The ongoing antibiotic crisis, marked by the rise of multidrug-resistant pathogens and a sharp decline in the discovery of new antimicrobial compounds, poses a major challenge to modern medicine. Historically, microbes from the natural environment have been the cornerstone of antibiotic discovery, producing diverse secondary metabolites that have transformed clinical therapeutics. These bioactive molecules are encoded within biosynthetic gene clusters (BGCs)—co-localized genes that direct the production of secondary metabolites as ecological defense and adaptation strategies—an insight that led to the advent of genome mining and natural products discovery efforts. Yet, despite major advances, our understanding of how environmental context shapes biosynthetic potential remains limited.

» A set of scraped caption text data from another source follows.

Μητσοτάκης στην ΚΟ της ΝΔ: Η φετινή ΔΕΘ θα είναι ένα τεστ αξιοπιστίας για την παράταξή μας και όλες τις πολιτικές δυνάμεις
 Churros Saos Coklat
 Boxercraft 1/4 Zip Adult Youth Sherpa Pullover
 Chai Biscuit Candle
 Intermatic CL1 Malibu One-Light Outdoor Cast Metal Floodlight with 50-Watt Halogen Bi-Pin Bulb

Here, we address this gap through a global, systematic exploration of microbial antibiotic potential across more than 4090 metagenomes spanning natural, extreme, and built environments—including the International Space Station, Gowanus Canal and Ely Copper Mine (two EPA-designated Superfund sites), hypersaline lakes, and permafrosts with more than 37,288 BGCs belonging to more than 13,000 unique gene cluster families. By integrating large-scale metagenomic analyses with genome-resolved BGC mining, we map ecological and evolutionary signatures that drive secondary metabolite diversity. Our findings reveal that microbial communities from extreme or anthropogenically impacted niches harbor distinct BGC architectures and novel biosynthetic domain combinations, reflecting unique chemical innovation strategies shaped by environmental stress.
To move beyond prediction, we also introduce a multi-omics framework integrating metabolomics with metagenomics for direct compound-level validation. By linking BGCs to observed metabolites including untargeted and previously uncharacterized metabolites, we establish a robust methodology that connects genomic potential to realized compounds. While laboratory-based extraction and isolation remain essential for full compound characterization, our approach enables confirmation of bioactive molecule presence with measurable confidence, providing a crucial validation layer between in silico prediction and wet-lab discovery. This framework also uncovered “silent” or cryptic gene clusters, which can help with discovery of new classes of antibiotics.
Together, this study establishes the first global atlas of biosynthetic capacity across environmental gradients. To our knowledge, it represents the first large-scale integration of untargeted metabolomics for all-class compound validation, uncovering the hidden biosynthetic and chemical diversity of environmental microbiomes in modern urban environments.